Membership Structure and Reach: The BVCA was founded in 1983 and has over 300 members from among private equity companies, and professional and services firms. In addition to the organizations’ Council which is actively involved in issues important to its members the BVCA provides training courses, communications research, publications and events.

Status Briefing

The British Venture Capital Association (BVCA) says that it represents the largest, best-organized body of private equity in Europe, accounting for 28% of the total annual private equity investment in Europe for 2001 and second in importance only to the United States. This is based upon $9.7 billion having been invested in more than 1,500 companies ($7.4 billion of which was in the United Kingdom). The BVCA has 300 members divided almost equally between private equity firms and service providers.

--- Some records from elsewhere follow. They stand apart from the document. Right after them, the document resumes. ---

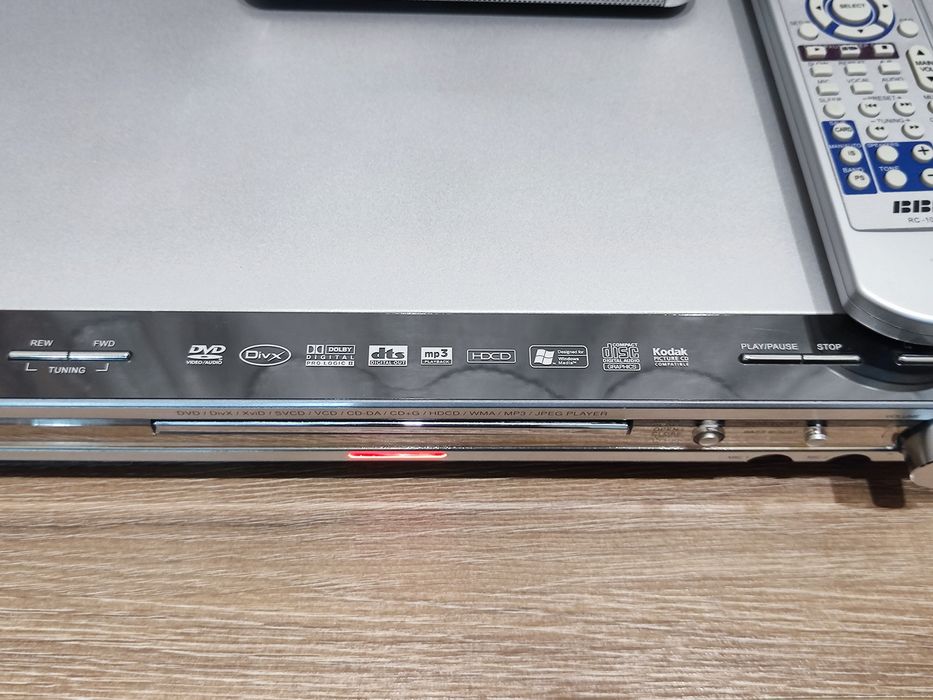 BBK DK1060S Домашний кинотеатр DVD 5.1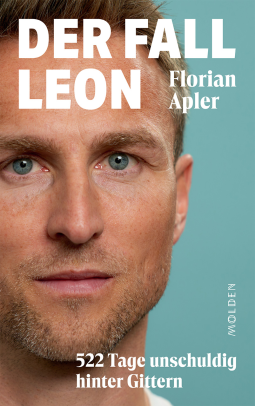 Buchcover für Der Fall Leon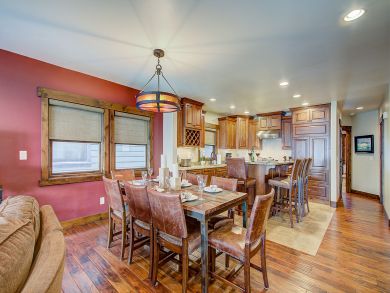 Park City Deer Valley Canyons Resort Home 923380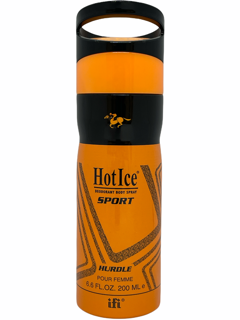 Парфюмерный дезодорант-спрей Sport Hurdle для женщин 200мл от магазина Parfumerim.ru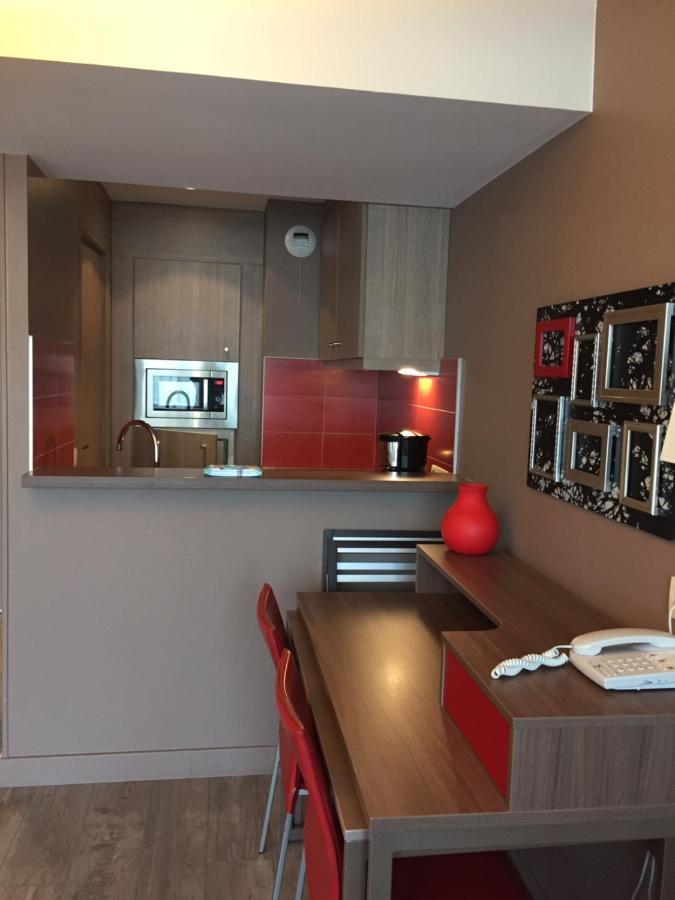 Apartahotel Résidence Odacity Caen Centre by Residandco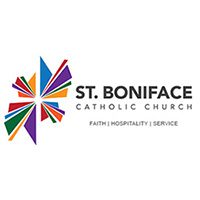 st boniface logo St. Boniface logo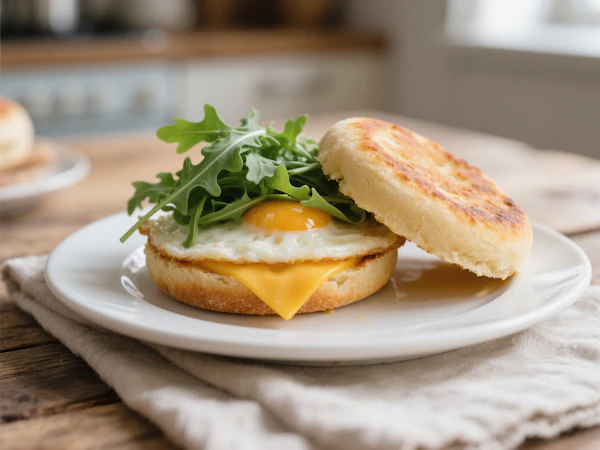 Breakfast Sandwich Delight
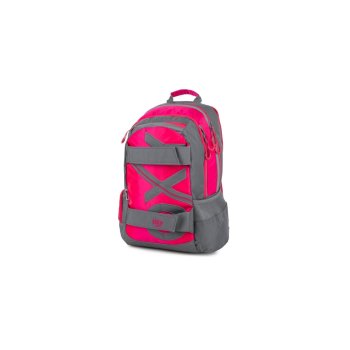 oxybag Študentský batoh OXY SPORT aj na voľný čas - Neon Pink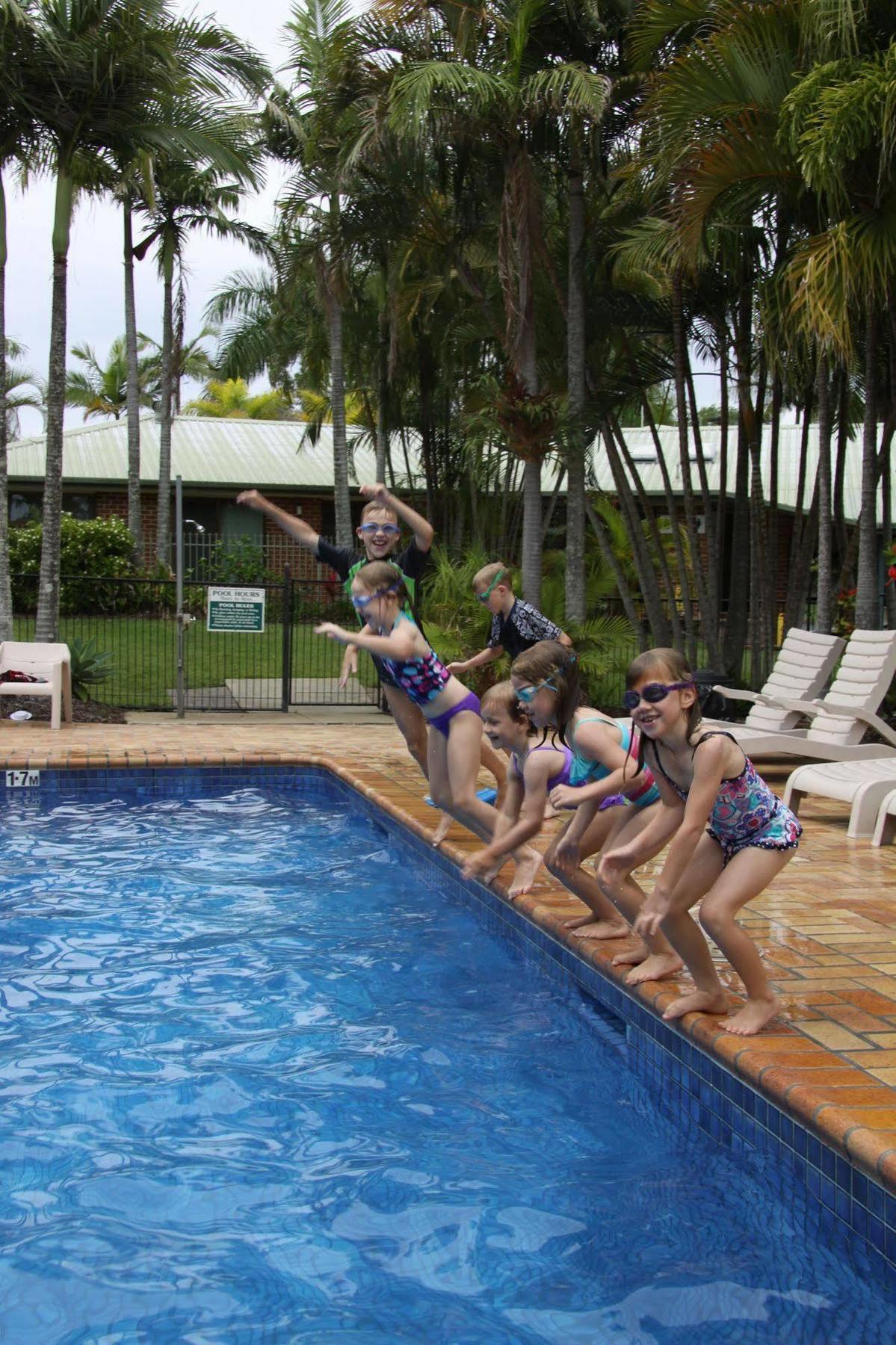 Holiday park Brisbane Gateway 4*
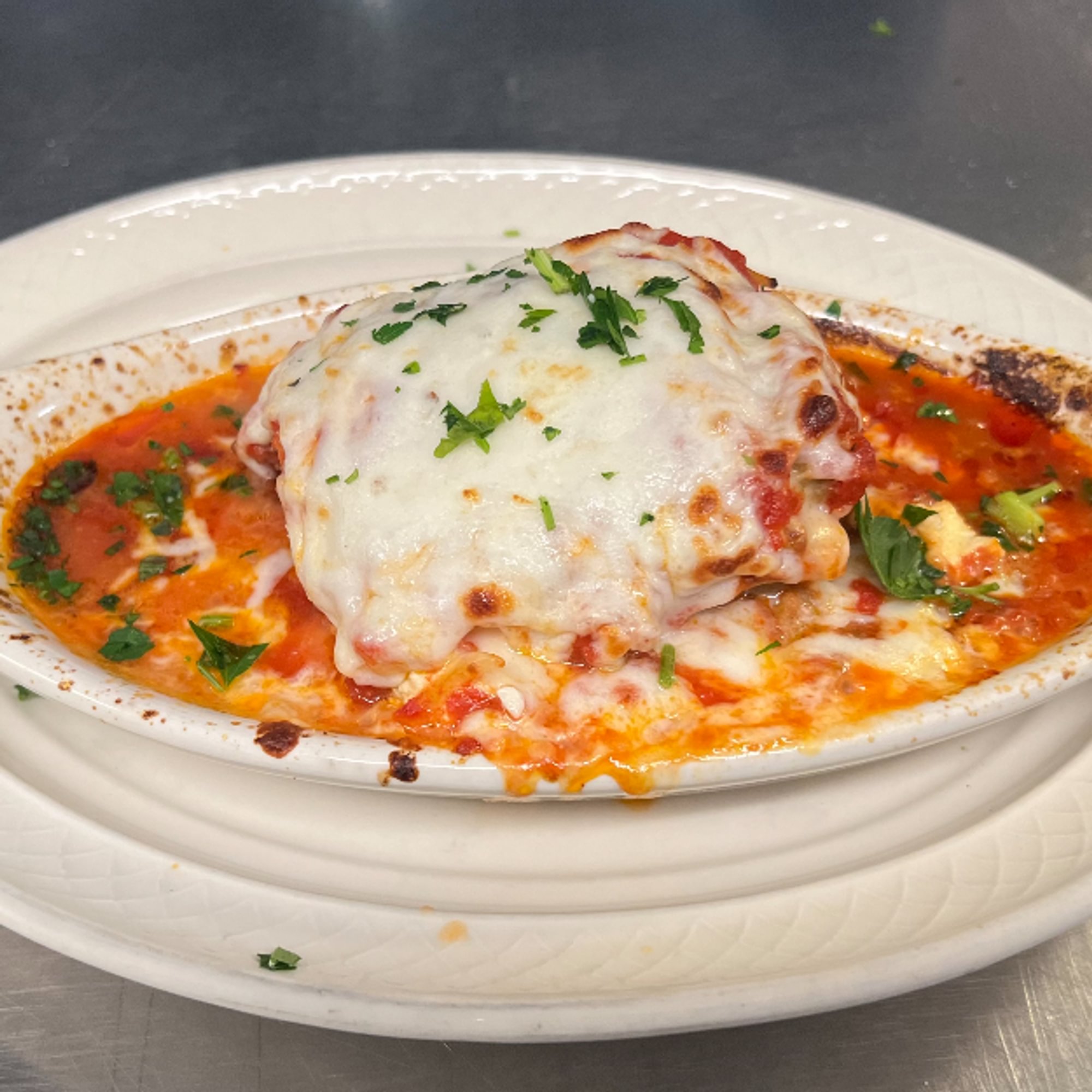 Mama's Lasagna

Most importantly, except for Singapore, “the U.K. is one of only two regulated private equity markets in the world,” says Michael Queen, chairman of the BVCA and director of finance at 3i. Hence the nation’s focus on higher transparency and accountability. That regulation comes from the Financial Service Authority (FSA), created from several agencies in 1997 to oversee and regulate banking and investment activities in the United Kingdom.

“The FSA allows the private equity industry to self-regulate, but [given the state of the financial markets] there is a threat of intervention in the industry if it doesn’t [take an active policing role],” says Michael Mills, portfolio development director for 3i and a member of the draft committee for the BVCA.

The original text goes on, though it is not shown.